» Work required
The answer must reproduce all of the data below exactly and contain no images.

^^^^^^^^

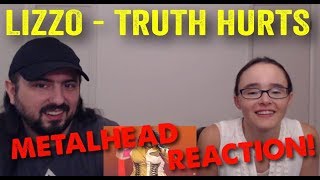 Truth Hurts  Lizzo REACTION by metalheads [upl. by Broderick]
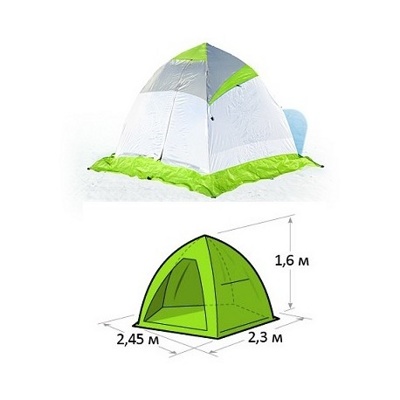 Зимняя палатка LOTOS 2 ,17002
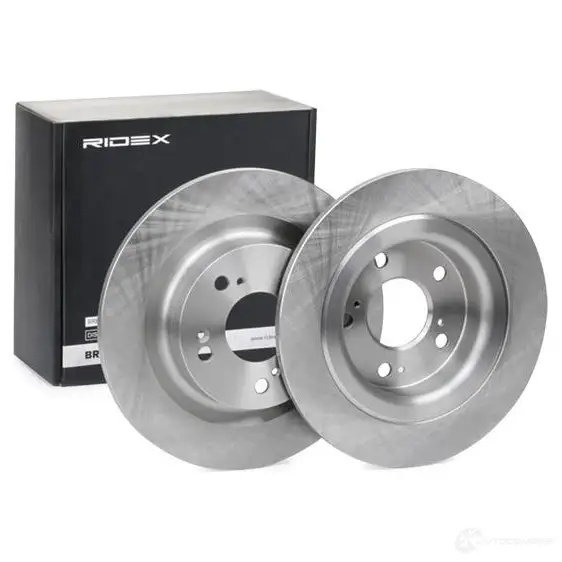 Тормозной диск RIDEX UY9 P4 1438350045 82b2761 - Изображение 1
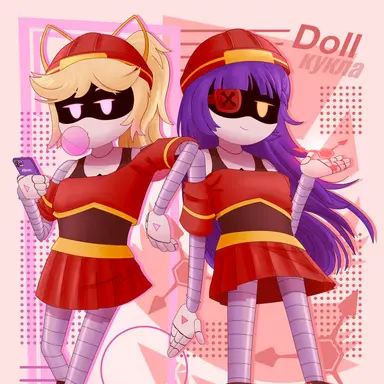 Profile image of Doll and Lizzy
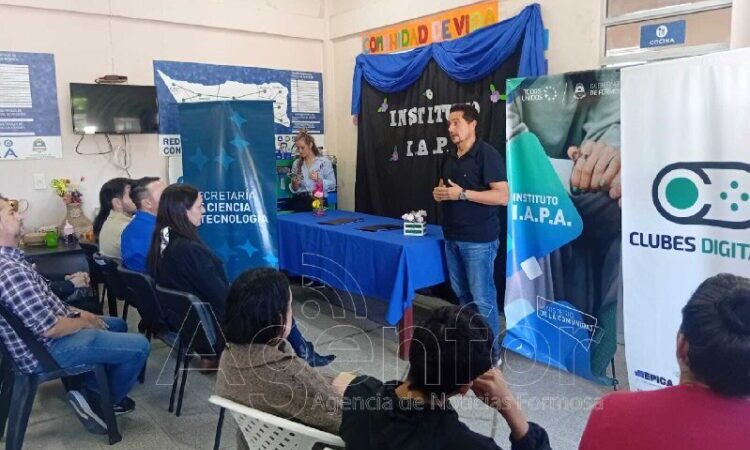 Comenzó curso de robótica en la sede IAPA del barrio Obrero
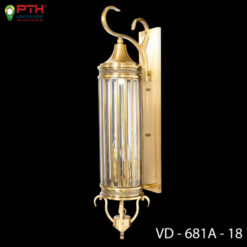 Đèn Vách Đồng Cổ Điển VD – 681A – 18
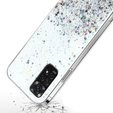 Чoхол до Xiaomi Redmi Note 11/11S, Glittery, прозорий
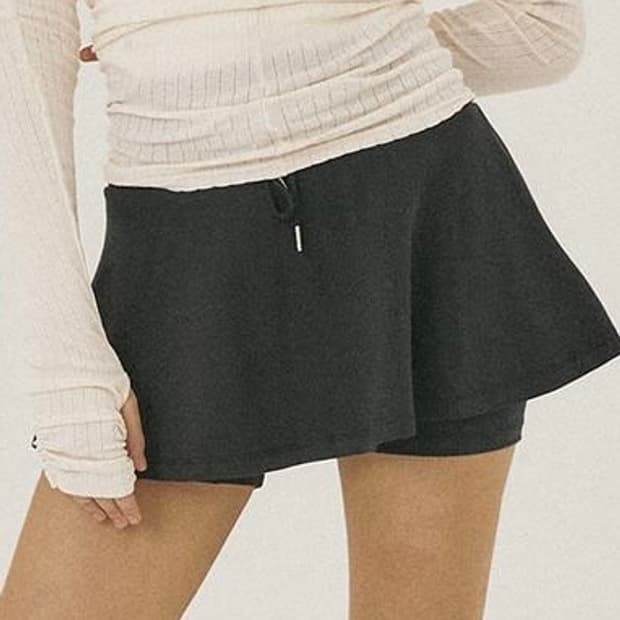 쓰리타임즈 Barbara pants skirt
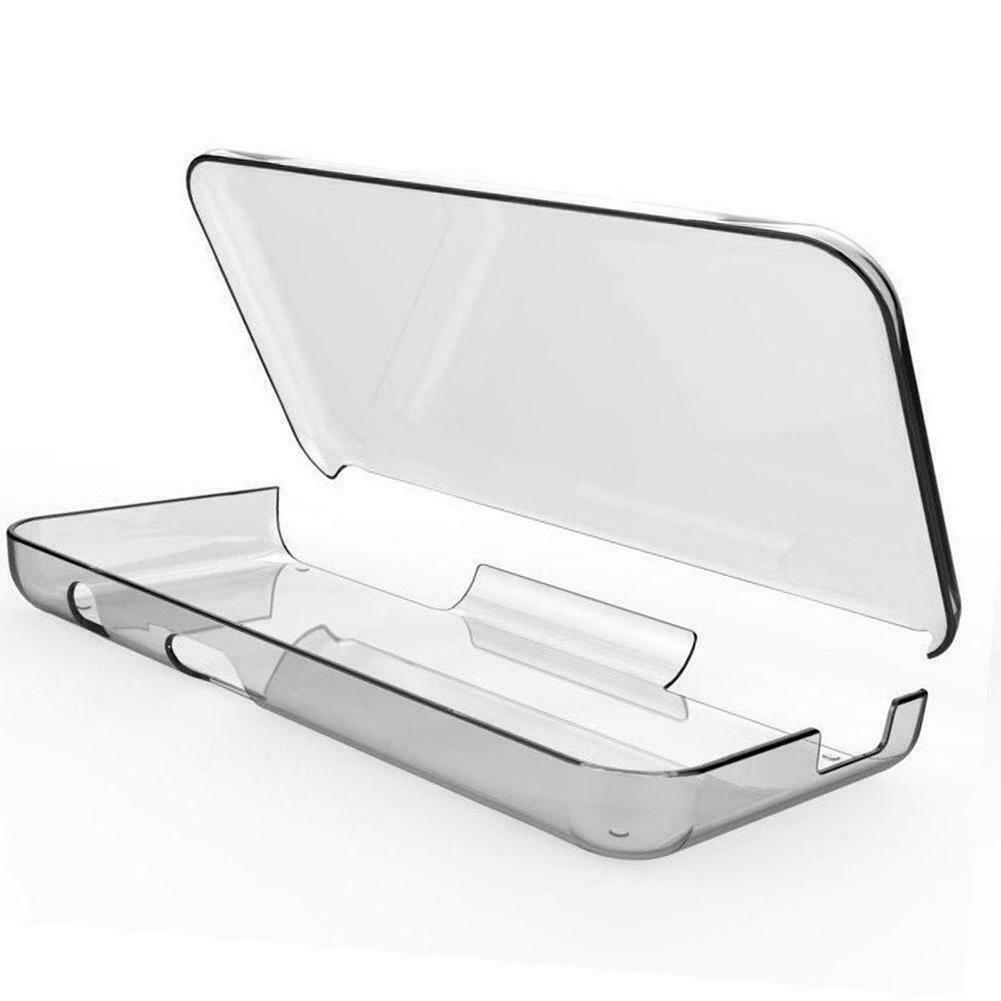 Ostent Trong Suốt Pha Lê Trong Suốt Bảo Vệ Vỏ Thay Thế Vỏ Cover Dành Cho Máy Nintendo Mới 2DS LL/XL Tay Cầm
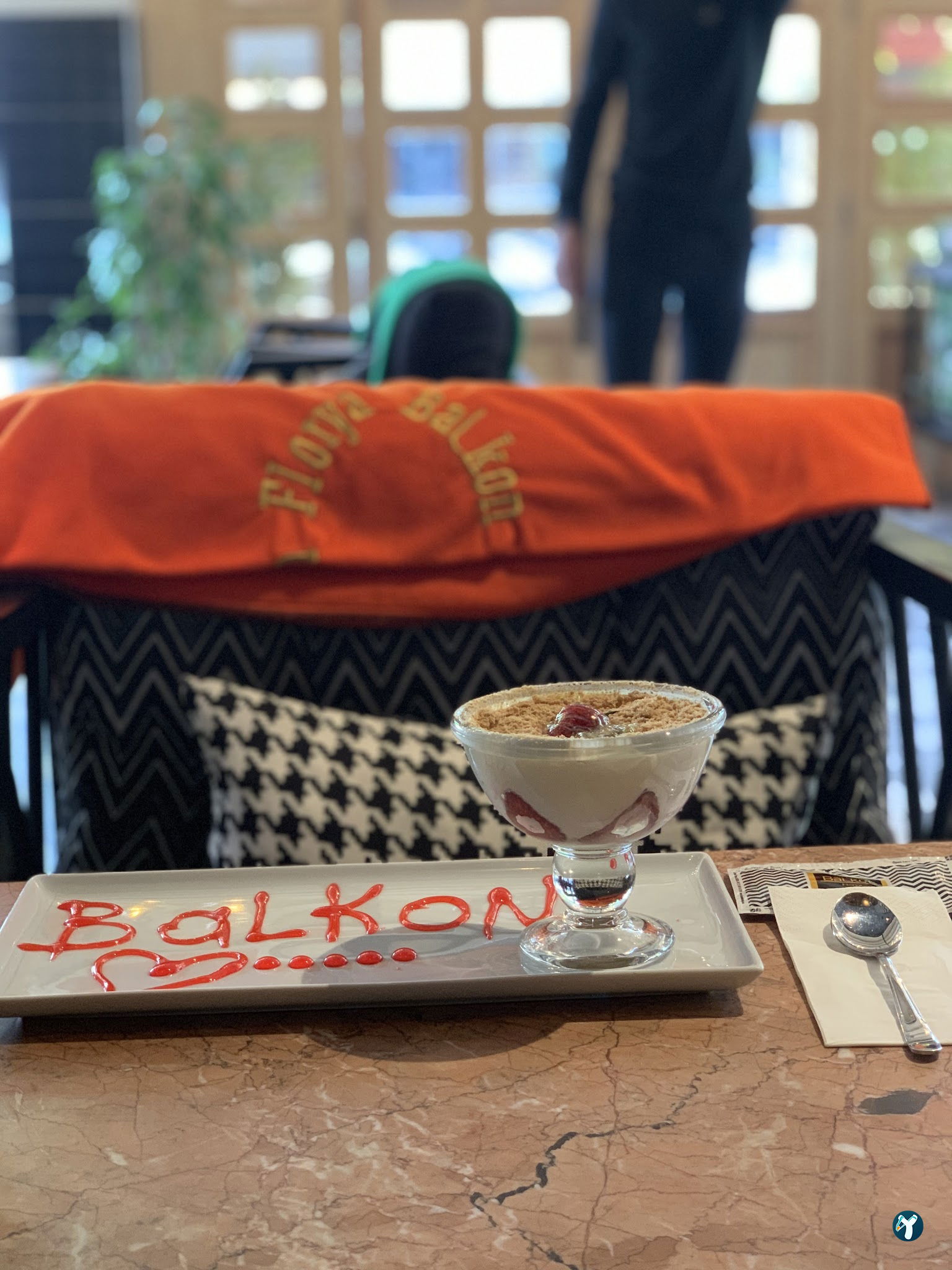 Balkon Cafe Florya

^^^^^^^^

» Task response
 Truth Hurts  Lizzo REACTION by metalheads [upl. by Broderick]
 Зимняя палатка LOTOS 2 ,17002
 Тормозной диск RIDEX UY9 P4 1438350045 82b2761 - Изображение 1
 Profile image of Doll and Lizzy
 Comenzó curso de robótica en la sede IAPA del barrio Obrero
 Đèn Vách Đồng Cổ Điển VD – 681A – 18
 Чoхол до Xiaomi Redmi Note 11/11S, Glittery, прозорий
 쓰리타임즈 Barbara pants skirt
 Ostent Trong Suốt Pha Lê Trong Suốt Bảo Vệ Vỏ Thay Thế Vỏ Cover Dành Cho Máy Nintendo Mới 2DS LL/XL Tay Cầm
 Balkon Cafe Florya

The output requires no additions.